Pictures stay out of the output. Return exactly the lines below from the one with "A cartoon rabbit" down to the one with "Portrait of Sam", both included, and nothing more.

⟨

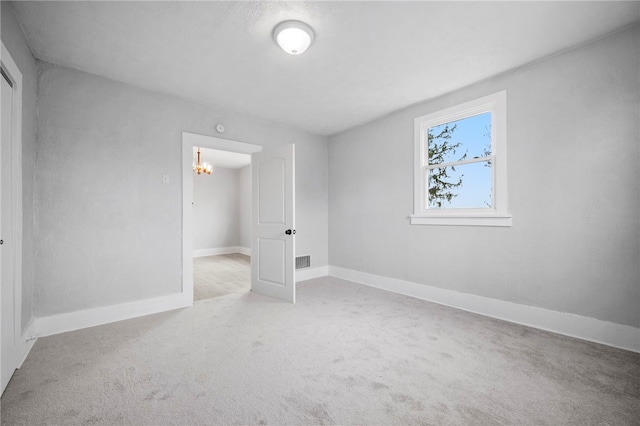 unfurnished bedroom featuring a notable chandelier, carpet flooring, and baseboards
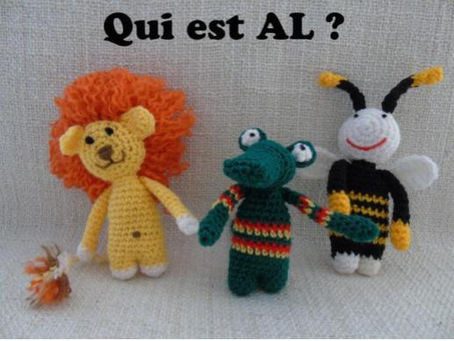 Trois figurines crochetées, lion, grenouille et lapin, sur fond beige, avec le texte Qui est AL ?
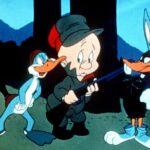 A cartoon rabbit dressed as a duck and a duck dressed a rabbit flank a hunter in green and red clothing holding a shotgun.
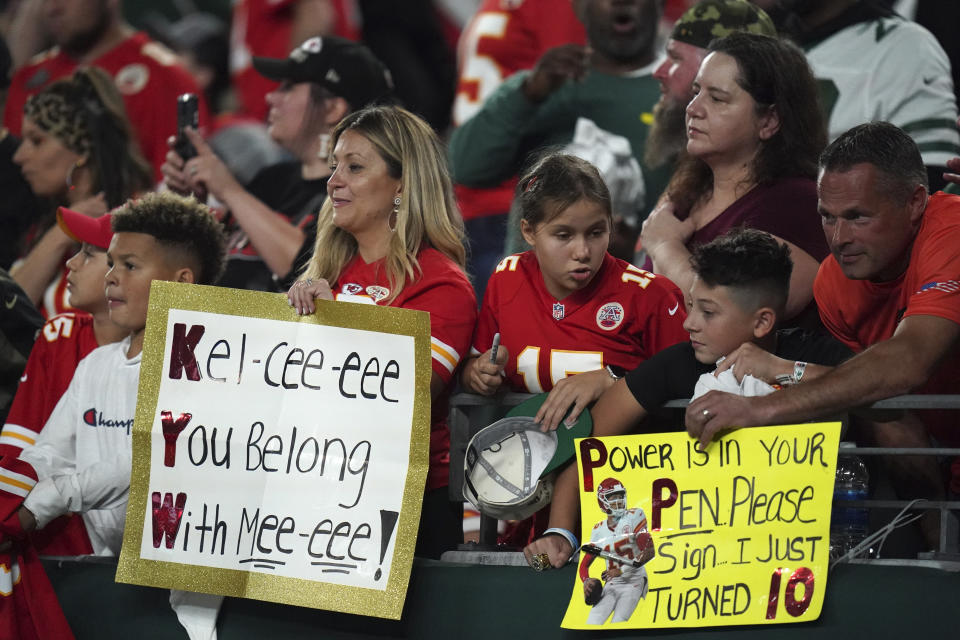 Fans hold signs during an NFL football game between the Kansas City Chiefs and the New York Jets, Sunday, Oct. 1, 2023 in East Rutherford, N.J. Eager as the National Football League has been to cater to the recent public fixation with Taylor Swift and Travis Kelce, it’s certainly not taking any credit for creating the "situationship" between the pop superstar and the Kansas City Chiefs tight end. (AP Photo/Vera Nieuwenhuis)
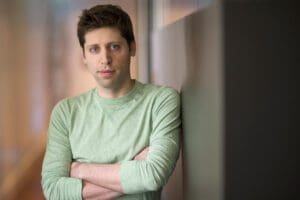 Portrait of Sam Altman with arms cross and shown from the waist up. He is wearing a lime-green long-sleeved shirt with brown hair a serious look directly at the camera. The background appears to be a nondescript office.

⟩
⟨

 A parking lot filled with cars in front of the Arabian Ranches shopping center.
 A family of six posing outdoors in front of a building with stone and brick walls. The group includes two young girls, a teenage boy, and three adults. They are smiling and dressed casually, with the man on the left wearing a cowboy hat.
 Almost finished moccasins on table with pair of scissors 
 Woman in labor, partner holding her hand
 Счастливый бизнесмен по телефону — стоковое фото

⟩

Answer to this task:
 A cartoon rabbit dressed as a duck and a duck dressed a rabbit flank a hunter in green and red clothing holding a shotgun.
 Fans hold signs during an NFL football game between the Kansas City Chiefs and the New York Jets, Sunday, Oct. 1, 2023 in East Rutherford, N.J. Eager as the National Football League has been to cater to the recent public fixation with Taylor Swift and Travis Kelce, it’s certainly not taking any credit for creating the "situationship" between the pop superstar and the Kansas City Chiefs tight end. (AP Photo/Vera Nieuwenhuis)
 Portrait of Sam Altman with arms cross and shown from the waist up. He is wearing a lime-green long-sleeved shirt with brown hair a serious look directly at the camera. The background appears to be a nondescript office.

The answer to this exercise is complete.